Entify Your HTML!

brianiac on 2005-07-07T05:24:13

Updated Reposted from my other journal http://brianary.blogspot.com/2005/07/entify-your-html.html:

To the embarassingly uninformed third party vendors of web-based applications, I present a quick look at HTML entities. This is Chapter One stuff in even the most basic HTML book, but I still get puzzled, dismissive, and even indignant replies when I request fixes for simple HTML bugs.

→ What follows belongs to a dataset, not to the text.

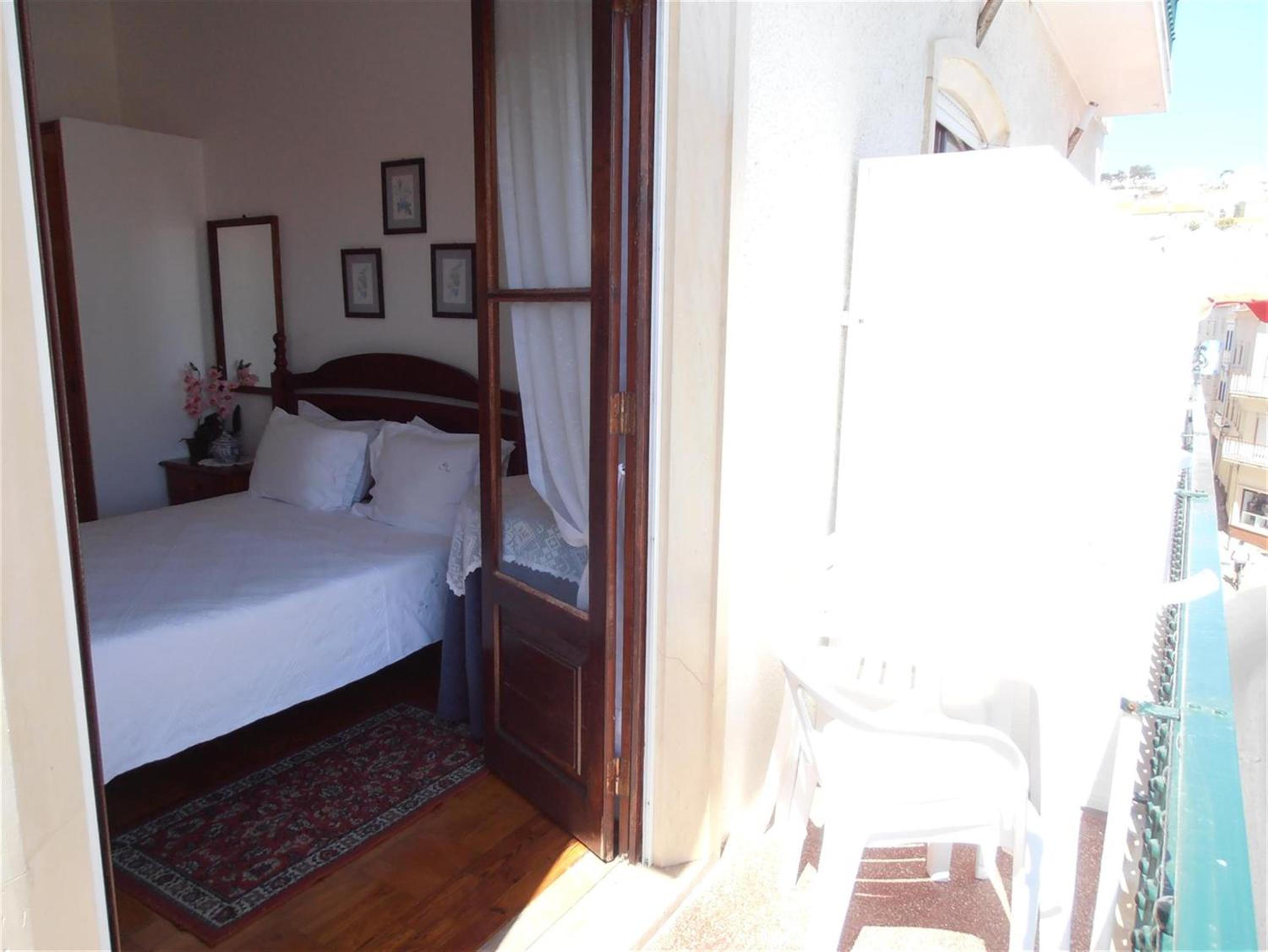 Double Room - Photo 17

Three important characters: < > &

These characters are special to HTML for processing. In the text or attribute values of a page, you must use entities that stand for them: &lt; &gt; &amp;(respectively). In attributes, " should also be replaced with &quot; (you can also use &quot; in text, but it isn't a requirement).

The Web Is A Big Place

If you forget to entify your special characters, some browsers will sometimes let you get away with it. If you intend to produce code for the widest possible audience (which is the whole point of the Internet, after all), it is best not to assume your indiscretions will always go unnoticed; better to do it right to start with, and you won't have to double check every support call ($$$) to see if unentified HTML is part of the problem.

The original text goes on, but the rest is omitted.